We had worked on many dangerous assignments together, Curt and I, and we knew how to communicate without words. Sometimes, while we were prepping for an interview, the subject would be more candid than during the shoot. That’s when Curt would start his camera. He was quite adept at aiming the lens while the camera was in a lowered hand. With my hot lavaliere mic picking up every word, we got many remarkable sound bites without the subject ever suspecting.

I smiled when I looked at the tiny patch of gaffer tape Curt used to cover up the telltale red light on the camera that lit up when he was shooting. Without ever mentioning it, I know we both hoped for an unguarded comment from this day’s interviewee Siyyid Muqtada al-Sadr, the influential Shi’ite cleric who controlled the powerful Mahdi Army.

I had worked for two months to get this interview, manipulating every contact I had. Today was the appointed day.

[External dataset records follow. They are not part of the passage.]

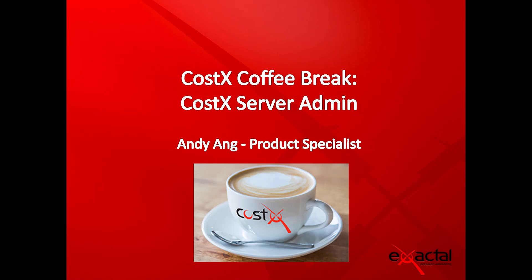Hi, welcome to CostX Coffee Breaks, CostX Server Admin. My name is Andy Ahn, Product Specialist with Exactal.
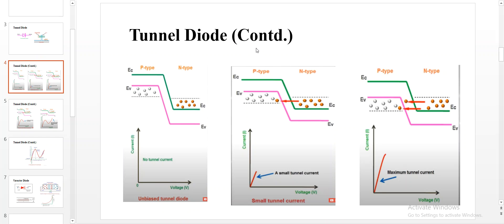Here you can see the condition of an unbiased tunnel diode. In this diagram, this is the valence band of the P side and the conduction band of the N side. In an unbiased condition there will be no tunneling current. An unbiased condition means no voltage is being applied.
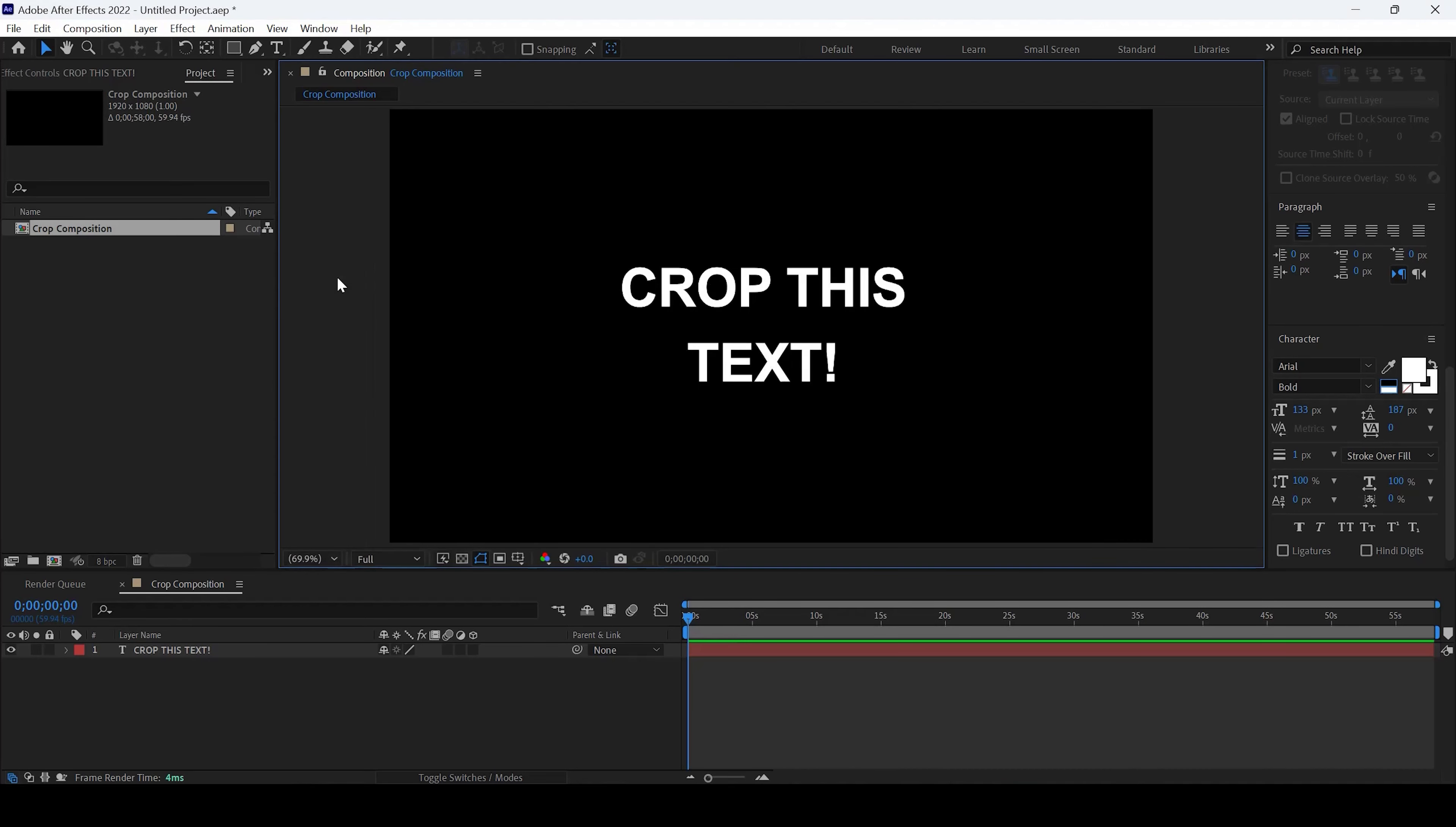In this Adobe After Effects tutorial, we'll be learning to crop the composition in one simple way.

Perhaps my celebrity helped gain this opportunity. Who knows? On that morning I believed I was on the brink of another big ratings coup for CCN. Who else could have engineered an interview with the secretive Siyyid during a time of brutal sectarian conflict between the Mahdi militants, SunnĂ­ insurrectionists, Iraqi army and police, and the Americans?

Looking back on it, I am embarrassed by my arrogance and ambition. My career seems so insignificant now. I would give it all up—would give anything at all, even my life—to make things right again. As a journalist I was known for maintaining perspective in my stories, but I lacked that very quality in my personal life. I feel now that I was a fraud as a mother, mostly absent from your life as my mother was from mine. How could I have repeated that sad pattern after feeling the child’s pain myself?

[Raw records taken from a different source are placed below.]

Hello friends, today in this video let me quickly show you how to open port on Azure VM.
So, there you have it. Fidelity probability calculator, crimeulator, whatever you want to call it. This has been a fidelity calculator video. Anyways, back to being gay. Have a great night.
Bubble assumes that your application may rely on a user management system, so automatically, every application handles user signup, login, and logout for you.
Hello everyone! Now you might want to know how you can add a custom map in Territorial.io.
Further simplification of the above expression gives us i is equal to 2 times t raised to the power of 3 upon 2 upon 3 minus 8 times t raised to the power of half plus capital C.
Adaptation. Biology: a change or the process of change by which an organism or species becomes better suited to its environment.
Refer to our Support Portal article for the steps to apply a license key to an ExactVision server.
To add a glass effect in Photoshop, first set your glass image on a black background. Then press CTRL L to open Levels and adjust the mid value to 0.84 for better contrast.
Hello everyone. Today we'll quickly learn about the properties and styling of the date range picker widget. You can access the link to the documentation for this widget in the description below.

Nevertheless, on that day in Baghdad I could only think about the interview and how it would burnish my crown as the queen of international broadcast journalism. Was I afraid as our military convoy left the Green Zone? I suppose, a little. But mostly I feared the IEDs and their indiscriminate violence. My conceit was so engorged by past successes that I couldn’t imagine enemy combatants not wanting my help to tell their stories. Why would they harm me when I could deliver their points-of-view to millions of viewers worldwide? I felt more protected by my celebrity and my audience than by my flak jacket or the dozen American soldiers who guarded me on the first leg of this journey.

And so we headed out, not knowing how much we didn’t know.